2. Experimental results with roll simulator
A. Effects of magnetizing frequency
The AC MFL signals with fixed rotating speeed(4 RPM) and magnetizing current (0.05A) but with variable magnetizing frequency(1kHz, 2kHz, 4kHz, 6kHz, 8kHz, and 10kHz ) are shown in Fig. 11. We can say that D1 and D2 are difficult to find due to inherent anomalies of the roll. The data from defect free region are taken to give the rms base noise level.(VN). The peak-to-peak AC MFL signal (V) is compared with VN. The best S/N ratio is achieved with magnetizing frequency of 6-8 kHz for circumferential defects (D1~D4) and 4-6 kHz for axial defects (D5~D8). If we take 6 kHz as the magnetizing frequency, two different types of defects(circumferential and axial cracks) can be detected in the same scan with comparable S/N ratio, which is difficult for ultrasonics and eddy current testing. .The cracks that has more than 0.2 mm depth can be detected. We can say that the crack depth can be defined from the signal level of AC MFL signal, even though the crack shape is difficult to define. Other type of inspection method can be used to define the precise shape of the defect when it is found.

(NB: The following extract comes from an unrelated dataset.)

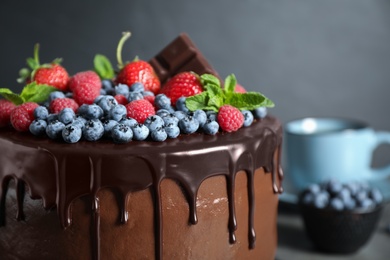 Photo of Freshly made tasty chocolate cake decorated with berries on table, closeup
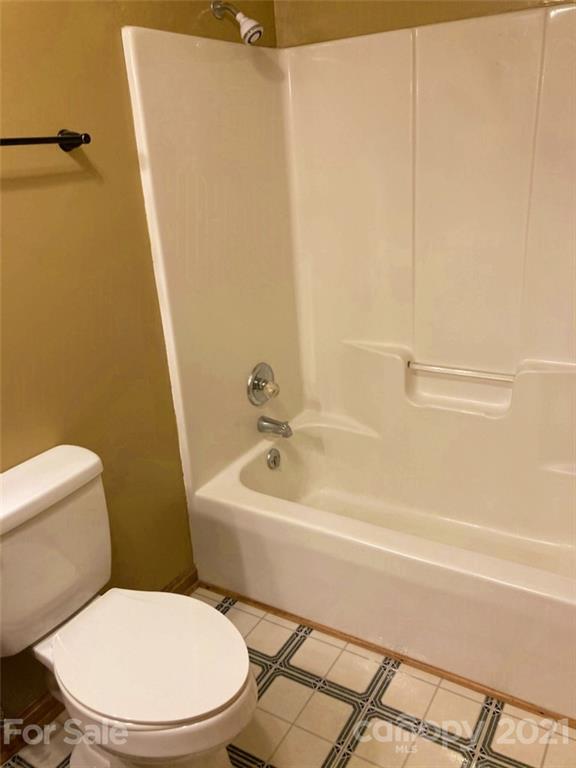 1091 South Beersheba Road Clover, SC 29710 - Photo 16 of 23 a white toilet sitting next to a bath tub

|(a) f= 1kHz||(b) f= 2kHz|
|(c) f= 4kHz||(d) f= 6kHz|
|(e) f= 8kHz||(f) f= 10kHz|
|Fig 11: Effects of magnetizing frequency, RPM=4, Ic=0.05A|
B. Effects of magnetizing current
The AC MFL signals with fixed rotating speed(4 RPM) and magnetizing frequency (2kHz) but with variable magnetizing current (0.02A, 0.05A, 0.08A, 0.12A, and 0.15A) are shown in Fig. 12. We can say that if we increase the magnetizing current level, the S/N ratio shows a maximum at a certain value. It is thought that the surface condition (hardness variation due to residual stress or etc.) can play a significant role with a high ac magnetic field.
|(a) I=0.02A||(b) I=0.05A|
|(c) I=0.08A||(d) I=0.12A|
|Fig 12: Effects of magnetizing current, RPM=4, f=2kHz|
C. Effects of roll speed
The AC MFL signals with fixed magnetizing current (0,08A) and magnetizing frequency (8kHz) but with variable rotating speed (RPM=4,10,20,) are shown in Fig. 13. When RPM is lower than 10, D2, D3, D4, D6, D7, D8 are easily found, while D1 and D4 are difficult to find. When RPM is 20, D2, and D6 are difficult to find. When RPM is 30, the S/N ratio for D3, D4, D7, D8 are greatly reduced. We think that the eddy current effect, the eccentricity of the roll, and the vibration of the system are thought to interfere with the AC MFL signals. It is difficult to define the sensitivity and the detectivity at the current stage. This can be a future research work.
|(a) RPM=4||(b) RPM=10|
|(c) RPM=20||(d) RPM=30|
|Fig 13: Effects of roll speed, f=8 kHz, I=0.08A|
For static experiments we used a flat-bed scanner. Using a flat HSS specimen with artificially made defects, cracklike defects with dimension of up to 2 mm in length and 0.1 mm in depth were detected and pinhole-like defects with dimension of up to 0.2 mm in diameter and 0.3 mm in depth were detected. Anomalous signals from other than defects were thought to come from the magnetic inhomogeneity from the specimen. As the magnetizing frequency was increased, the magnetic impedance from the eddy current effect was also increased and the magnetic flux was confined within the shallow region under the surface, which contributed to the enhancement of the peak-to-peak of the AC MFL signal.
We have made a roll simulator using a large hollow HSS shell with artificially made crack-like defects on its surface. With low RPM, frequency of 6~8kHz showed maximum detectivity for circumferential defects and frequency of 4~6kHz showed maximum detectivity for axial defects. Both type of defects(circumferential and axial) were detected in the same scan. Defects with depth up to 0.2mm could be detected. The depth information was closely related to the peak-to-peak of AC MFL signal. As the magnetizing current was increased the detectivity showed a maximum at a certain magnetizing current
As the rotating speed of the roll was increased the detectivity became worse. With line speed lower than 0.4 m/sec, defects up to 0.2 mm in depth could be detected.